Un rito collettivo partecipato in modo diretto. Senza avvertire né barriere all'ingresso né invidia all'uscita". Lo ha detto il ministro della Cultura Alessandro Giuli all'inaugurazione del Salone del Libro di Torino 2026.

"Un'agorà, cittadini in un dialogo liberato da ogni dogmatismo. E' un'occasione immancabile per noi tutti dove coltivare il piacere dell'intelligenza, il senso critico" ha aggiunto.
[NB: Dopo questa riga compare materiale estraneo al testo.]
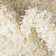 Eginhardt Shag Pure Ivory Area Rug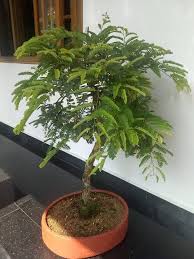 Native to tropical africa and naturalized around the world. Introducing My Very Own Tamarind Bonsai Which Took Me A Lot Of Hard Work To Bring It To This Stage Indoorgarden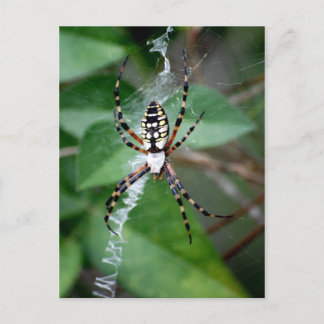 Cartão Postal Argiope preto-e-amarelo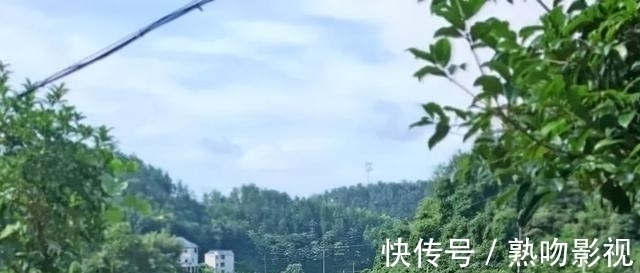 几年间|“小马云”范小勤：被公司“退货”不识百元钞，他远比你想象的惨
"Mi auguro e vi auguro che il Salone del Libro 2026 possa essere ricordato come il giardino della Concordia. Felicità consapevole e responsabile", ha proseguito Giuli. ''Tengo particolarmente al fatto che il Salone del libro manifesti pluralità e differenze, sfaccettature che non devono essere mai sfruttate, sia dal punto di vista dell'ideazione sia da quello dell'informazione - ha aggiunto - Il governo e il ministero che rappresento sono perfettamente allineati a questa impostazione. E siamo presenti anche con il contributo alle cosiddetto terze pagine dei giornali di uno stanziamento da 10 milioni a sostegno dei quotidiani nazionali e locali per informare per valorizzare le informazioni culturali, anche questa è una destinazione precisa. Si è pensato perché non fare qualcosa in più per l'informazione per i giornali anche cartacee, analogiche, perché non dare quel qualcosa in più affinché i collaboratori, gli scrittori, i giornalisti che si occupano di cultura siano pagati meglio, invogliati e incentivati a espandersi''.